Dois atómos sutis no revéillon
Não sei que referência cultural, que clichê lingüístico, que cacofonia ou expressão idiomática tiro da manga do paletó para descrever a beleza do revéillon de Copacabana, visto a 1250 metros de altura, do platô da Pedra Bonita. Se pintura, um quadro de Jackson Pollock no céu da Zona Sul. Se música, um louvor de esperança para os que carecem de espiritualidade.
Atente para o pôr-do-sol, crepúsculo tão óbvio, já tão fotografado, ultrapassando os limites da sua banalidade. Afinal, o que dizer se tudo já foi dito?
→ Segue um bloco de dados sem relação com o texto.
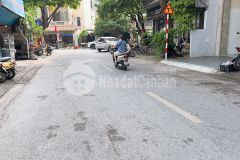 Siêu hiếm, hơn 5 tỷ sở hữu nhà phố ái mộ 45m, 5t, mt4m, ngõ thông, 10m ra ô tô tránh.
Sei - é preciso manter-se anônimo diante da fragilidade da língua e de sua total incapacidade para descrever fielmente (e elegantemente, porque aprendemos a ter bom-gosto ) as espécies, desde a simples flor ao mais ultrajante hipopótamo iluminados pelo sol. Poder-se-ia (mesóclise, por que não?) alegar que não há palavras para descrever. Nem mesmo os deuses as teriam, afirmativa esta próxima da heresia, pois a eles, os deuses, não faltam palavras. Conhecem-nas todas. Se não as usam é porque preferem o silêncio, o escuro, a bolha d'água no mar revolto.
É preciso encher a boca de saliva para cuspir a palavra mais longa que se conhece, amaldiçoando-a com o último traço...E, da mais singela, colher a beleza e entregá-la a ti, como fiel depositária.
Afinal, um nome comum, grafado na certidão de uma nova criança, transforma a todas em Cláudias iguais? Mas, quais!!! Prazeres diferentes.
Foi tudo muito bonito, somente, simplesmente. Pronto, fica aqui esse adjetivo, o dito pelo não dito, que, fértil e simples, dá na boca de todo mundo, assim como a maria-sem-vergonha dá em qualquer mato, descampado ou jardim de primavera. Fica aqui o espanto de ver que o Rio é bonito demais do alto. Do que eu concluo que as praias e todas as belezas naturais da cidade não foram feitas propositadamente para serem vistas das varandas dos condomínios caros da Avenida Vieira Souto, mas foram talhadas para serem admiradas pelo próprio Artesão que as projetou, lá da sua morada no céu.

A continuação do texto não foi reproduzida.